Aim of the exercise: For the entries that follow, restate word for word the line containing "Monogram Initials Black", the line containing "IWOWHERO 3pcs Evil", and every line that lies between them.

Exercise inputs:
───
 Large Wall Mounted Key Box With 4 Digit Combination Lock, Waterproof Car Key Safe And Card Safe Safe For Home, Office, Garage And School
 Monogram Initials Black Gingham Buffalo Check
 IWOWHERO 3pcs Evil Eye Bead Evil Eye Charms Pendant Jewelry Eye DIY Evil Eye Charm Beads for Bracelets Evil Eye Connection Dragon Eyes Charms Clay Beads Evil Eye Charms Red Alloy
───
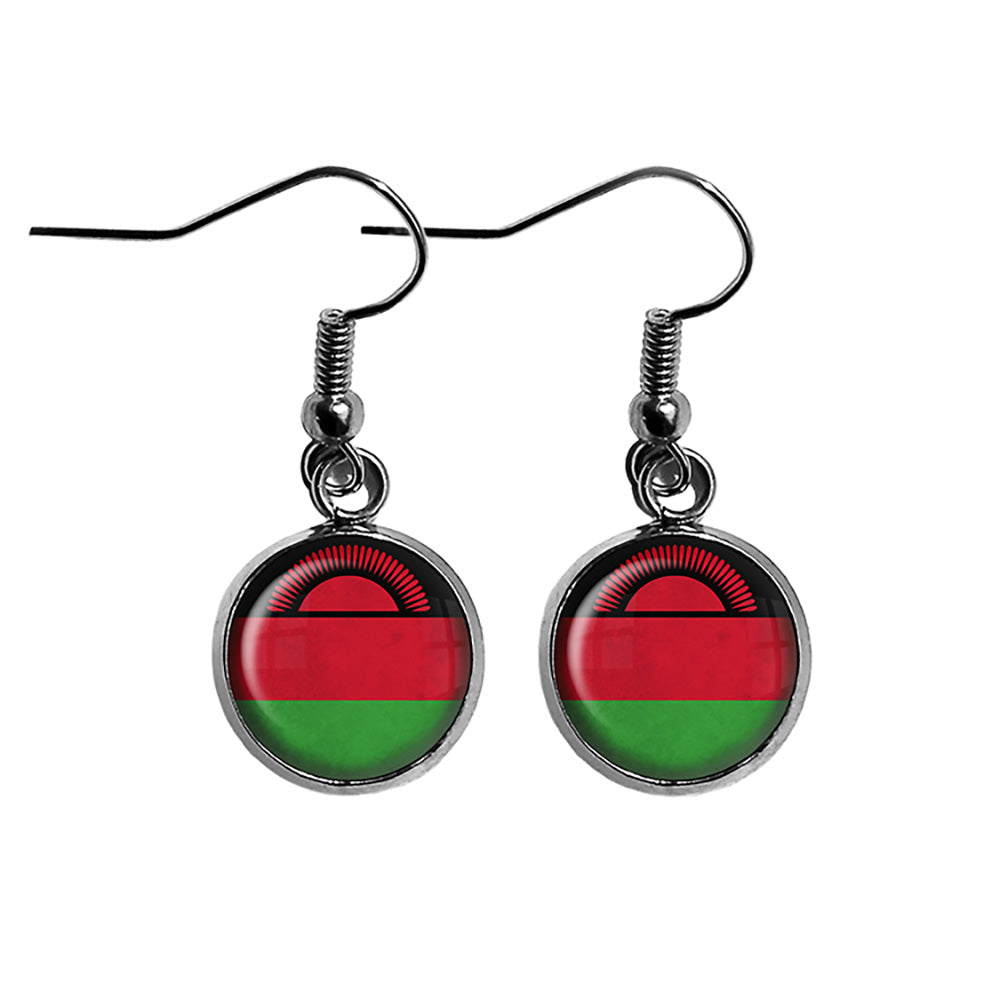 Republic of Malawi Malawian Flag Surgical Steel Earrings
───
Your solution:
 Monogram Initials Black Gingham Buffalo Check
 IWOWHERO 3pcs Evil Eye Bead Evil Eye Charms Pendant Jewelry Eye DIY Evil Eye Charm Beads for Bracelets Evil Eye Connection Dragon Eyes Charms Clay Beads Evil Eye Charms Red Alloy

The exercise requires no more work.